New Zealander Lyn Griffiths never got to meet her grandfather, but this Anzac day she will honour his memory on the battlefield where he was fatally shot a hundred years ago.
The Maungaturoto office administrator is one of the lucky Kiwis to win a ticket to Gallipoli for Anzac Day where she'll take in this year's centenary celebrations.
Her grandfather William John Griffiths played the tuba in the NZ Army Band and enlisted a month after war was declared, leaving behind a 13-month-old son, a three-year-old daughter and his wife, Maud.
"My grandmother always said that he went because of his love of the band, that was the reason he went so he could play in the band," Ms Griffiths said.
"She was always a bit antsy towards that."
Mr Griffiths ended up in Gallipoli, where he would have played at night and served as a stretcher bearer during the day.
In August he was hit by bullets to his head and thigh and taken to hospital in Alexandria, Egypt, where he died within days.
"I didn't realise how dangerous it was until a few years ago. But when you start to realise what they did ... It must have been absolute hell," Ms Griffiths said.

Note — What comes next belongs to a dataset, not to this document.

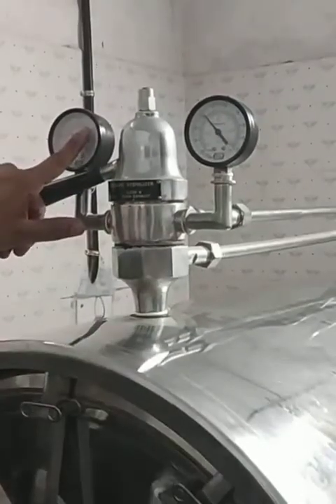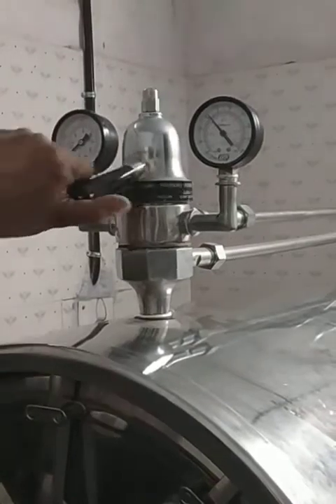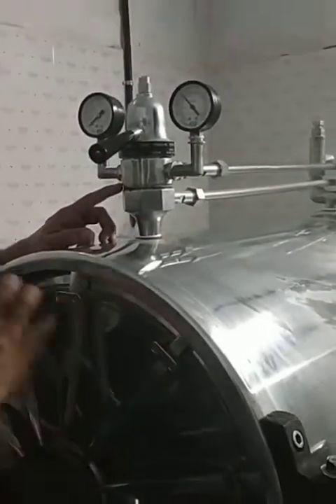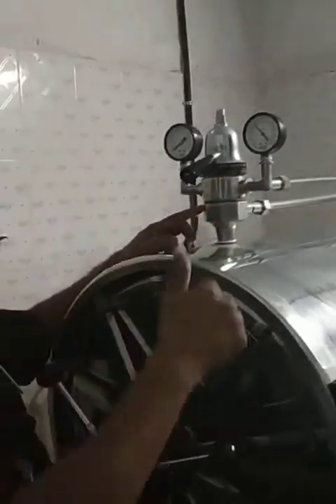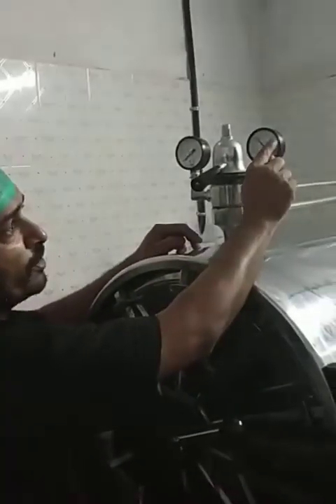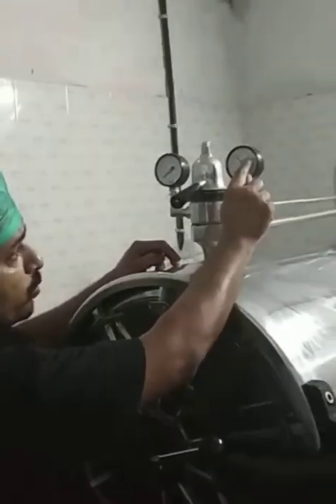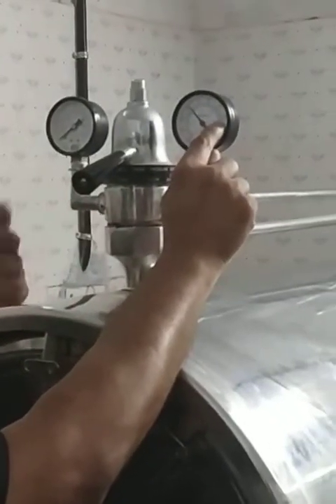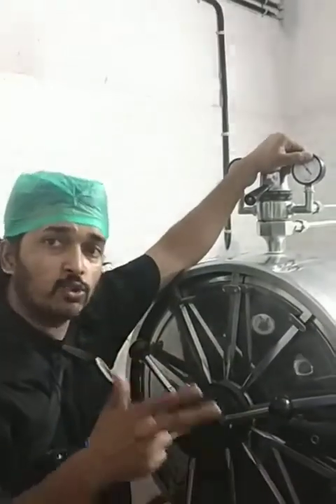Once it reaches around 15 to 20 psi, we change it to sterile mode. Moist steam starts coming up, it gets filled up, the pressure increases, and the temperature increases inside, rising up to 15 to 20 psi — that is 1 to 1.5 kg per centimeter square, which is the same as 1 to 1.5 pounds per inch square. From that point, it means the temperature has reached 121 degrees centigrade and pressure has reached 15 to 20 psi, and we need to work on the time, which is 15 to 30 minutes.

It's been a lifelong dream to honour her grandfather by visiting the place where he fought.
"It's going to be incredibly, incredibly moving. The whole thing of being on the battlefield overnight is just going to be amazing. I'm going to be on the battlefield where my grandfather was," she said.
Ms Griffith knows very little about her grandfather - her grandmother remarried, and her father never knew his own father - but she's always observed Anzac Day.
She's hoping she'll get more of an understanding of what her grandfather went through by going, and she'll also be thinking of her father Victor, who served in WWII.
"It really does mean a lot. I'm going for the family, to represent our family in memory of our grandad."